The man, who SBS News has not identified to protect his family’s safety, was among the 26 people evacuated on Wednesday morning from Kabul on Australia’s first rescue flight. His wife and newborn child were also on board.
He said he was “so happy” to head to Australia to start a new life but he was worried for loved ones who couldn’t make it out with him, including his parents and siblings.
“They cried about me (when I left) and I had no option – I can’t stay anymore, survive anymore,” he told SBS News from Australia’s Al Minhad airbase in the United Arab Emirates, where he was being processed.
The former interpreter, who served with Australian forces in 2018, said he felt anxious at the prospect of Taliban attacks against his family. The Taliban view Afghans who worked with foreign forces as traitors.
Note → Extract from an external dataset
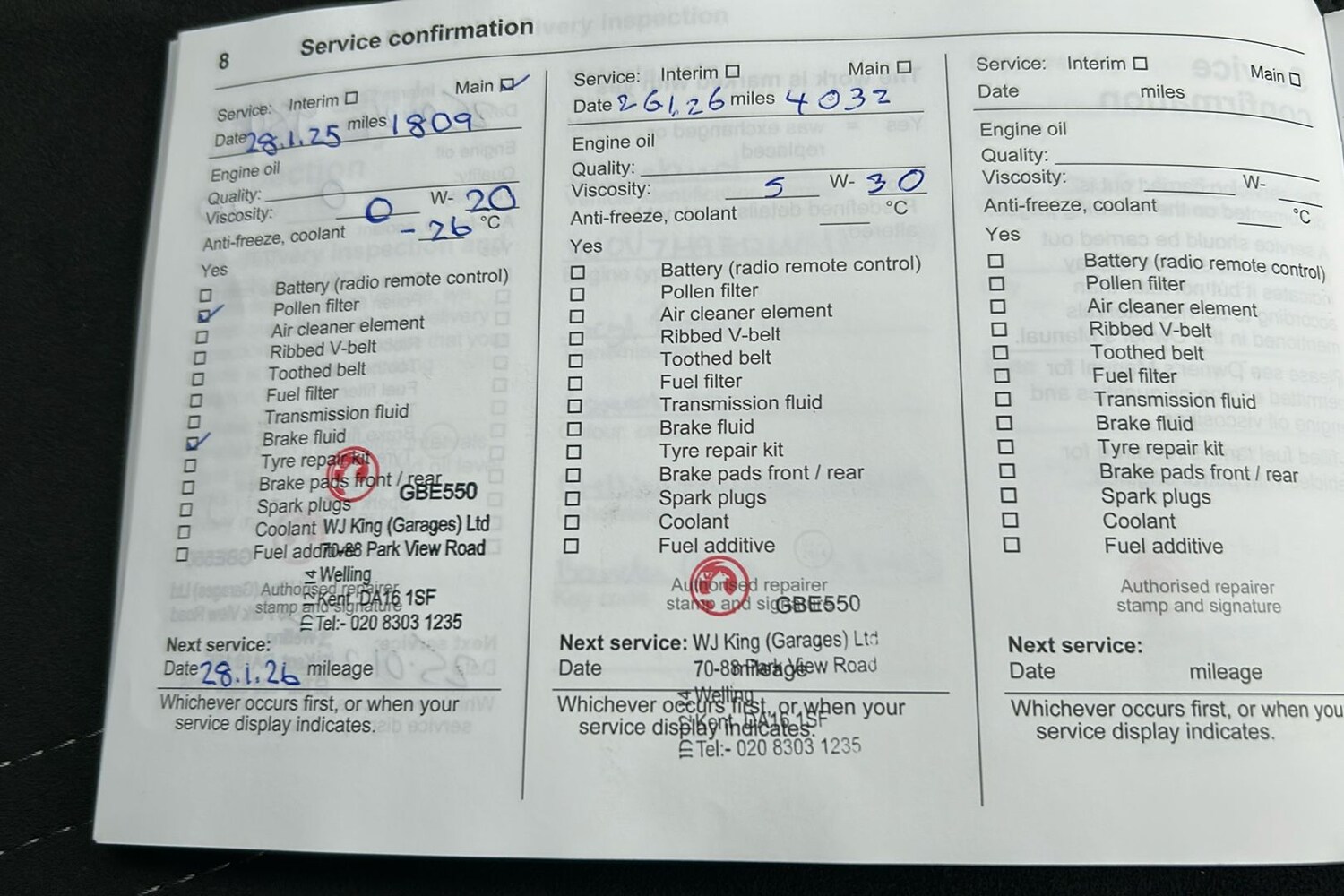 Used Vauxhall Crossland 2023 for sale - 77502499: Photo 45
“It makes me upset (when) I think of the Taliban violence (that) can affect them,” he said.
“I’m sure they cannot do anything about it because I have left. There are no words, but I have a big pain in my heart.”
The former interpreter said just trying to get to the Kabul airport was a big risk because of constant Taliban gunfire surrounding it.
He said several people were injured while he was there, including him, and Australian officials did their best to help people during the fracas.
“Every two to three minutes the Taliban tried to use their rifles, gunfire all the time,” he said.
“You can see my hand been bleed because the Taliban been pushing people (sic). They’re starting gunfire all the time, trying to push out the people from the entrance gate.
“It’s dangerous because of the rush. I even saw kids falling under people’s feet … people went on and then put feet on their face and stuff.”
‘Just watch out for me’
Four other former Australian Defence Force interpreters who escaped Kabul on a separate British flight on Wednesday night with 72 others also described scenes of chaos and violence at the airport.
Voice messages in Dari traded by the four interpreters at Kabul airport, obtained by SBS News, illustrated their precarious journey from the airport line, where thousands of people had queued to escape, to the tarmac.
In one message, an interpreter named Najib alerts his colleagues to quickly head to the airport to get on an evacuation flight.
“We have the officers of foreign affairs, immigration and four Aussie soldiers, they are doing a great job. They got us in. We are in a secure location now. They told me (to go) out to recognise my colleagues now,” he said.
Najib then tells the others to look out for a glow stick he would wave to signify his location, amid the sound of gunfire in the background.
“I’ll shine this light, I’ll raise it in the air, just watch out for me, brothers,” he said.
Another former interpreter, Rafiq, tells the others who hadn’t yet got to the airport not to worry as they wouldn’t depart without them.
“Brothers, no problem. Until we’re all here, we’ll tell [the soldiers] that some of our people have been left behind,” he said.
One of the interpreters who hadn’t yet arrived at the airport urges the others to wait for him.
“Friends, I’m on the way, are you inside or still waiting in line? Please let me know,” he said.
After he and the others were evacuated to the Al Minhad airbase, Rafiq told SBS News he wasn’t sure where he had been taken to.
“I think I am in Sharjah,” he said, referring to the UAE city, “in some kind of camp”.
All five interpreters are set to depart the airbase and arrive in Perth shortly, where they will undergo hotel quarantine before starting their new lives.
Some names have been changed to protect identities.